Previous work involving human naïve and antigen-experienced B cell repertoires havs shown naïve B cells to have shorter junctions and higher usage of IGHJ6 and IGHV3, and lower usage of IGHJ4 and IGHV1 compared with IgM memory and switched B cells (Briney et al., 2012a; Larimore et al., 2012; DeWitt et al., 2016; Bautista et al., 2020). Differences in gene usage and CDR3 properties between IgM memory and switched B cells have also been reported (Wu et al., 2010). IgM memory and switched B cells have been found to use more negatively charged residues and to have less hydrophobic junctions compared with naïve B cells (Mroczek et al., 2014; Wu et al., 2010). Here, we focused on a more detailed examination of the repertoires by combining multiple characteristics using dimensionality reduction methods. Results of a previous study revealed that combining only a few repertoire characteristics is sufficient to discriminate between B cell subpopulations (Galson et al., 2015). In addition, an LDA combining V gene family proportions has been found to successfully distinguish between IgM and IgG repertoires (Friedensohn et al., 2018). We extend these findings by showing that using V family and J gene usage, CDR3 physiochemical properties or global repertoire characteristics similarly allow to separate between naïve and memory subpopulations. This suggests that distinct B cell subpopulations derive from different developmental mechanisms and are subject to selective processes that lead to similar variable gene identity. The importance of the CDR3 and its location at the centre of the antigen-binding site makes the observed differences in physiochemical properties and junction length interesting. These findings may suggest that different B cells subpopulations stimulated by diverse antigens have distinct junction compositions and properties. Further work to investigate CDR3-specific residue content and prediction of CDR3 protein structures could be enriching for antibody specificity and antigen recognition in different B cell subpopulations.
Previous research has demonstrated that same B cell subpopulations from different donors are more similar in their repertoire characteristics than different B cell subpopulations within an individual (Briney et al., 2012b; Rubelt et al., 2016). This has led to the understanding that differences between naïve and memory cells are conserved across unrelated individuals. Our findings are in agreement with these observations, and we extend on those by showing that the main defining factor in repertoire similarity is the constant region type, namely the isotype subclass, and that differences between subclasses are conserved across both cell type and individual. This finding suggests the existence of an isotype-based mechanism for repertoire control that is constant across cell types and individuals.

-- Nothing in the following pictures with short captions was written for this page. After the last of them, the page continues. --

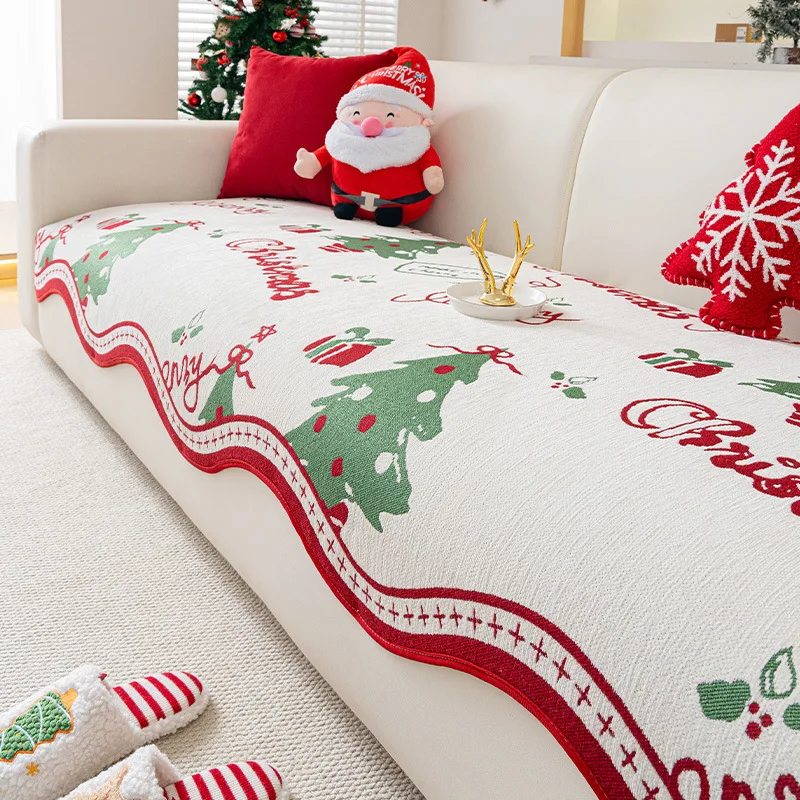 Chenille Christmas Sofa Seat Cushion Festival Vibe Decoration Anti Slip Sofa Cover Dustproof Pet Friendly Couch Slipcover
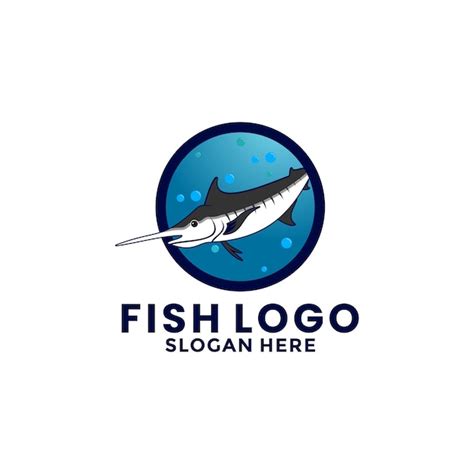 Marlin fresh fish line icon vector fish logo template | Premium Vector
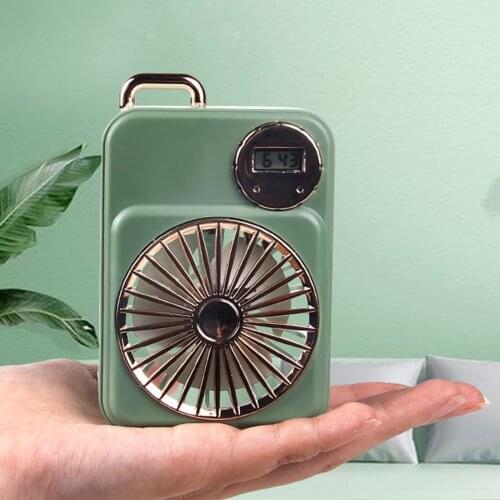 Mini USB Portable Desktop Fan with Clock Quiet for Camping Golf Sports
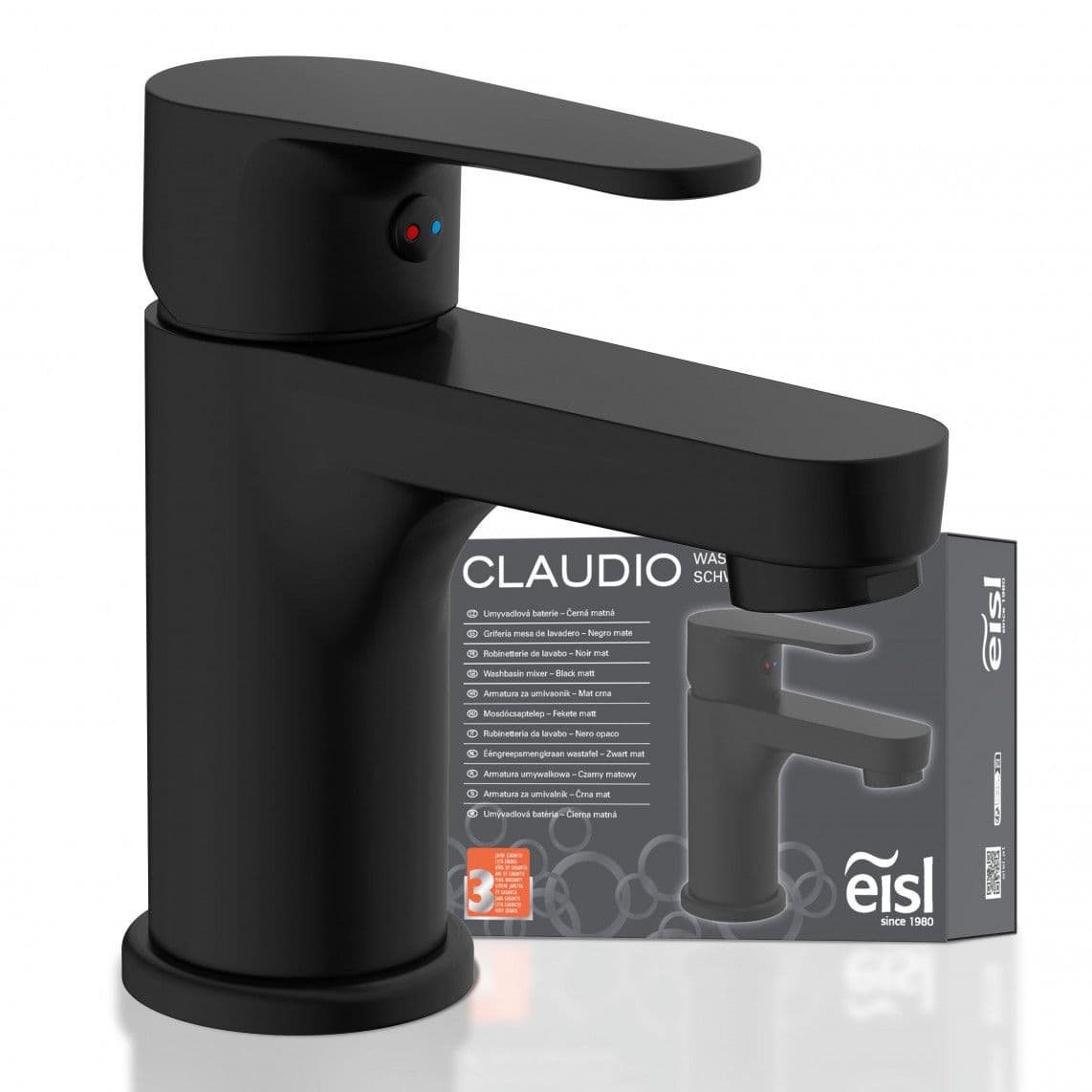 NI075CALCRBL CLAUDIO Mitigeur lavabo, noir mat vue 1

In addition to the comparative analysis of the different peripheral B cell subsets, our study represents, to our knowledge, the first comparison of bulk B cell sequencing with sorted B cell subpopulations. We showed that sequencing unsorted B cells from peripheral blood and combining the constant region information with the degree of SHM to bioinformatically group transcripts yields accurate results comparable to physical sorting, especially when analysing global repertoire characteristics. We acknowledge that this might be limiting in tasks sensitive to potential biases from different RNA levels per cell such as identifying antigen-specific sequences from PCs.
Recent IgH repertoire studies have moved towards using machine learning and artificial intelligence in contrast to traditional statistical approaches for goals including vaccine design, immunodiagnostics and antibody discovery (Greiff et al., 2017; Ostmeyer et al., 2017; Konishi et al., 2019; Shemesh et al., 2021). Previous work has focused on representing repertoires as sequence or subsequence-based features, that is, overlapping amino acid k-mers and their Atchley biophysiochemical properties (Greiff et al., 2017; Ostmeyer et al., 2017). Here, we report a simple pairwise classifier that successfully predicts the cell type of a sequence based on only the commonly used sequence attributes such as number of mutations and junction length. Random forest and decision tree classifiers outperformed the logistic regression algorithm suggesting a non-linear separation between cell types. A common concern when applying machine learning is the possibility of over-fitting. To prevent this, we trained the algorithm on 80% of the data and tested its performance on the remaining unseen 20%. We also subsampled every pair of classes to equal number of sequences in order to balance the dataset. The model presented here is applied only within an individual and is thereby confined by repertoire signals that might be individual-specific. More work improving the generalisability of the model across individuals would be revolutionising in terms of its potential practical applications. Unsurprisingly, the number of mutations was the most important feature in distinguishing between most cell types. These results, along with previous work, are promising and suggest that increasing the predictive potential of machine learning methods could help in finding sequence characteristics that distinguish between groups, such as disease state and healthy.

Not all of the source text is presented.